Female country artists have been singing about cheating since Patsy Cline redid the Hank Williams ballad “Your Cheatin’ Heart” in the early 1960s. Taylor Swift has essentially made millions by signing about her relationship woes.

Either the women of country have a strange tendency to attract wandering men, or they are among the only females with enough chutzpah to wail about it into a microphone.

Cheating, however, is not limited to the world of steel guitars and southern twang.

The Billboard Top 100 Songs for 2012 featured 11 songs about cheating, but none of the year’s cheating tracks came from empowered female country artists. Taylor Swift capitalized on “We are Never Ever Getting Back Together,” but 2012 left most of the songs about cheating to the realm of rap.

The Daily Texan limited our research on cheating in music to the top 100 singles of 2012. All statistical findings are based on that data.

Of the 16 rap songs that fall among the top 100, eight of them are about cheating. Those songs are all sung from the male perspective.

The men of 2012 rap music were big proponents of cheating. As 2 Chainz so eloquently states in his Top 100 song “No Lie,” the “Thug life” involves having “one wife, a mistress and a girlfriend.” 

Drake, the pretty boy of the rap industry, showed off a more sensitive side in his song “Take Care.” The song was a collaboration with Rihanna and charted at No. 23, but was also the only cheating-oriented rap song where the man was the victim. 

The other seven cheating-themed rap songs are all focused on the apparent glamour of cheating, as if it is a status symbol or a badge of honor that all of the boys of rap long to pin on their flat-billed baseball caps. 

Even outside of rap, the females of the music industry stayed relatively silent about their relationship exploits and experiences. 

When women do channel their cheating struggles into songs, they typically sing about being the victim of relationship dishonesty.

None of the cheating-related songs released in 2012 were sung by females, so our research was focused on the country music genre.

Underwood sings about teaching her ex-partner a lesson and getting retribution by vandalizing his car. Taylor Swift releases the heartache she experienced with one of her celebrity boyfriends who strayed in her song “Should’ve Said No.” Shania Twain questions her wandering partner in the song “Whose Bed Have Your Boots Been Under.”

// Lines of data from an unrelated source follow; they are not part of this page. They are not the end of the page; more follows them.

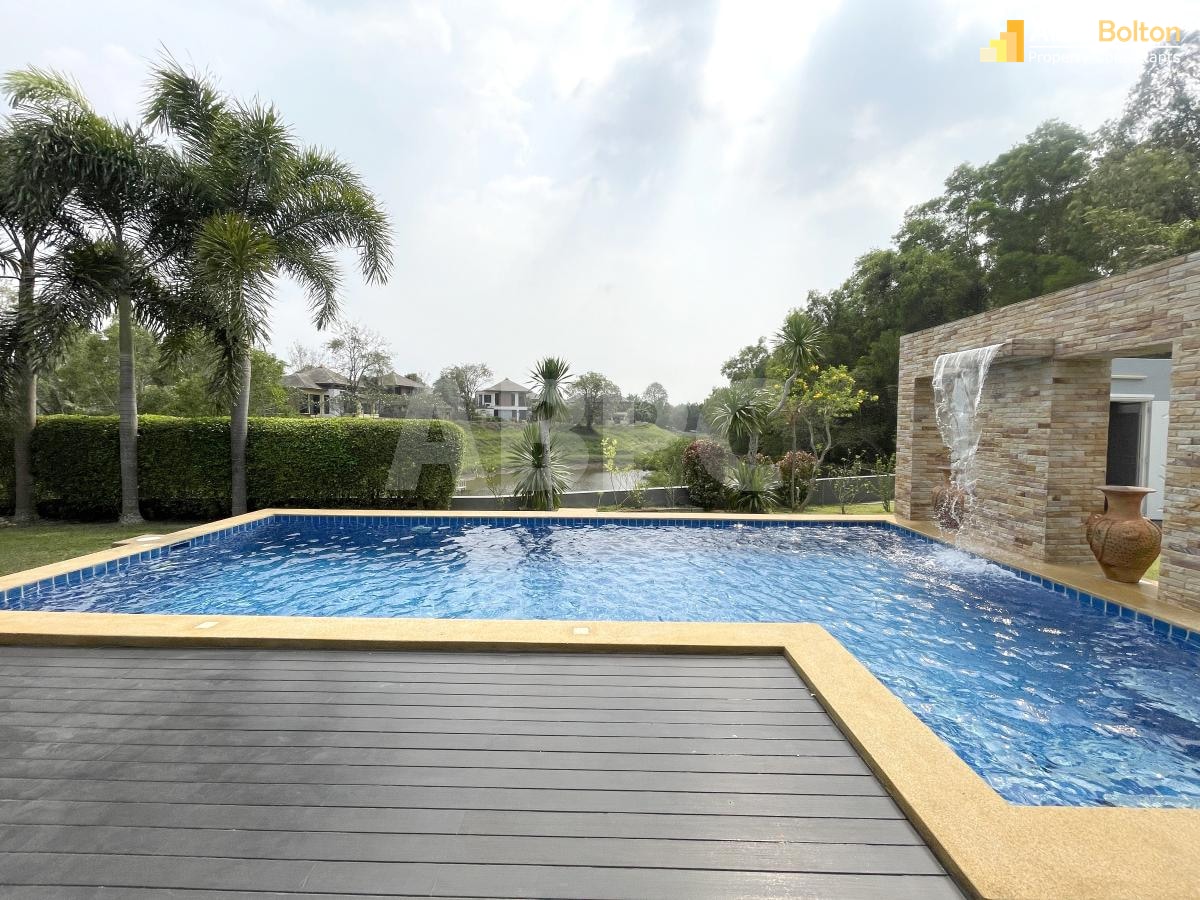 3 Bed 4 Bath in East Pattaya HS5267 photo 21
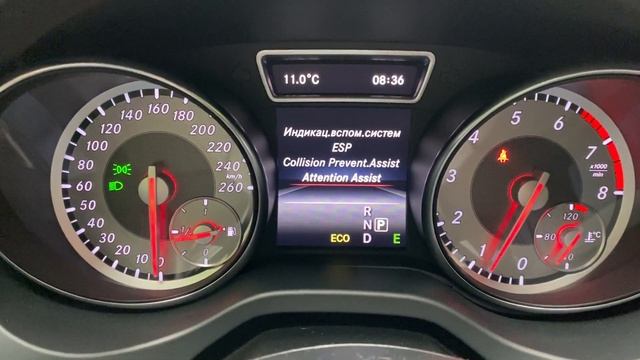 Mercedes-Benz GLA. Обзор приборной панели Мерседес ГЛА смотреть онлайн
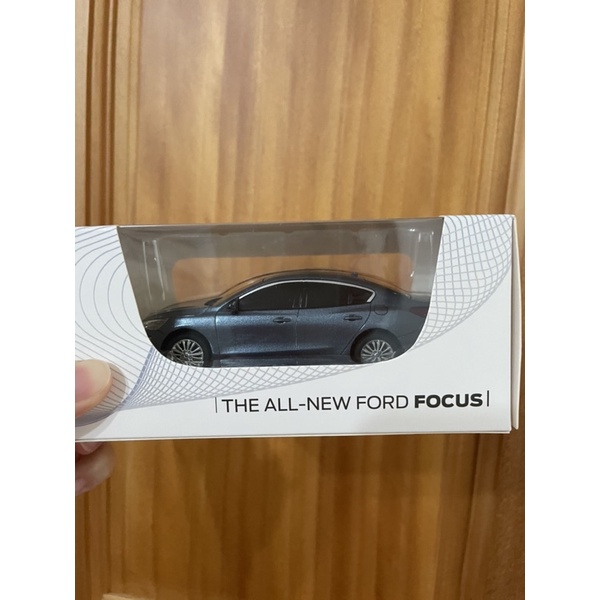 [全新] Focus mk4 模型小車只有四門THE ALL-NEW FORD FOCUS 藍 1：43模型車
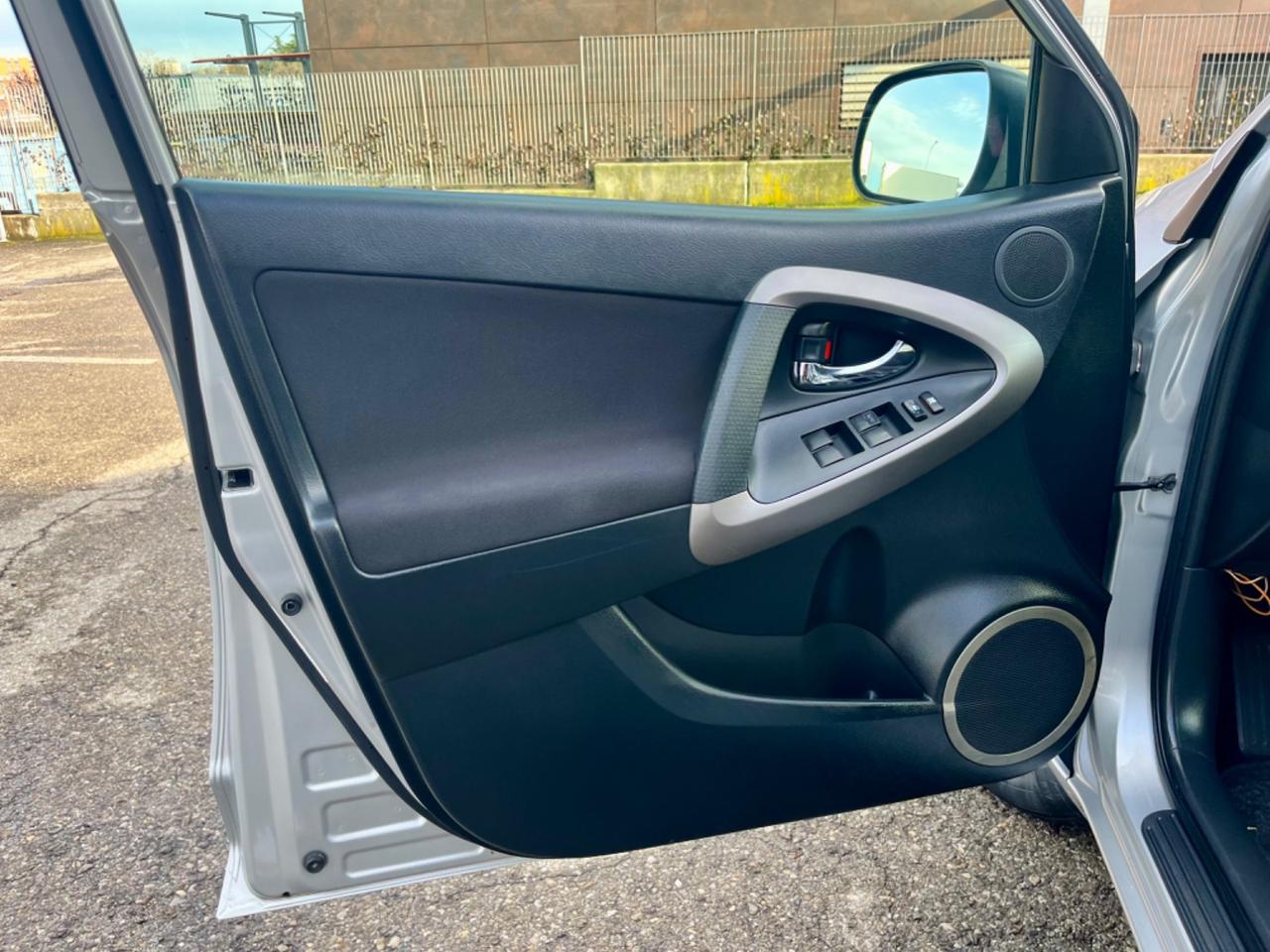 Toyota RAV4 2.2D-4D 155.000km 2007 4x4 perfetta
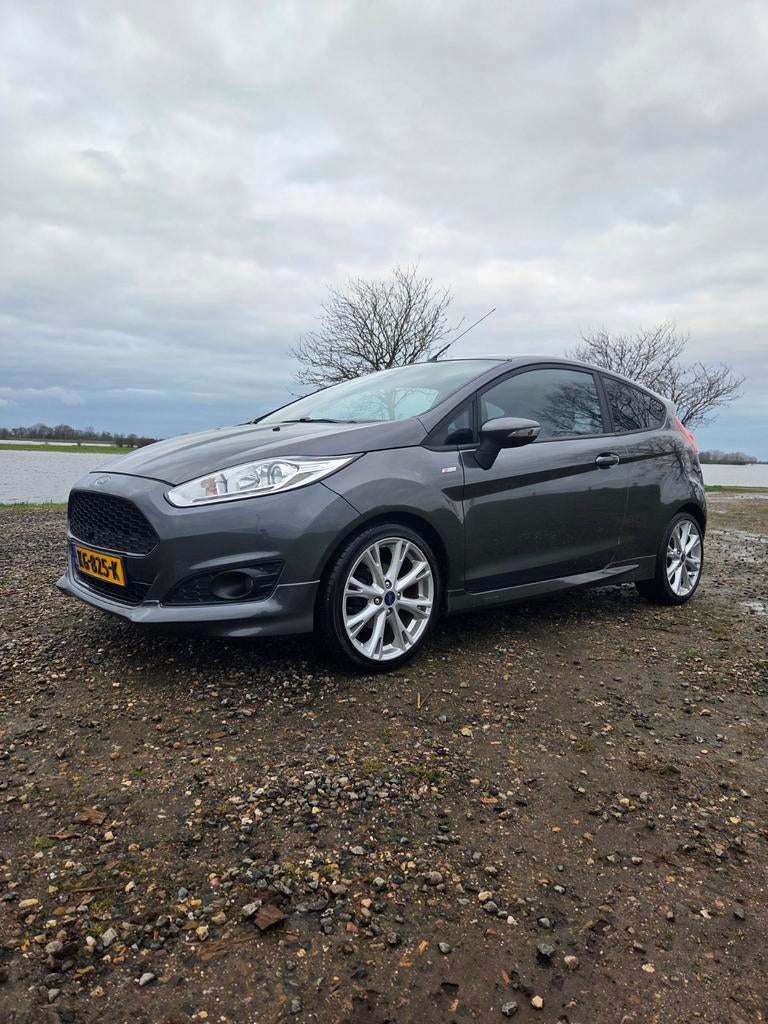 Ford Fiësta ST Line, Auto's, Ford, Voorwielaandrijving, 40 €/maand, Parkeersensor, 23 km/l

All of these cheated ladies come from the genre of country, which is a genre that typically harbors empowered female singers. The lifestyle of a stereotypical country star is starkly different from the lifestyle of the stereotypical rapper, which could also be a factor in the different approach to dishonesty.

Aside from the few female rappers such as Nicki Minaj and Ciara, rap is usually a male-dominated genre. This, combined with the infamous rapper lifestyle, makes it unlikely to find a rap song where the man is portrayed as the victim. 

Instead, the top-charting rap songs allude to a lifestyle of “thirsty women” and “stealing bitches.” They can be heard blaring through club speakers and providing a sound track to high school proms nationwide.

Meanwhile, there is a woman in a nameless, dimly lit bar drunkenly singing “Before He Cheats” for karaoke night.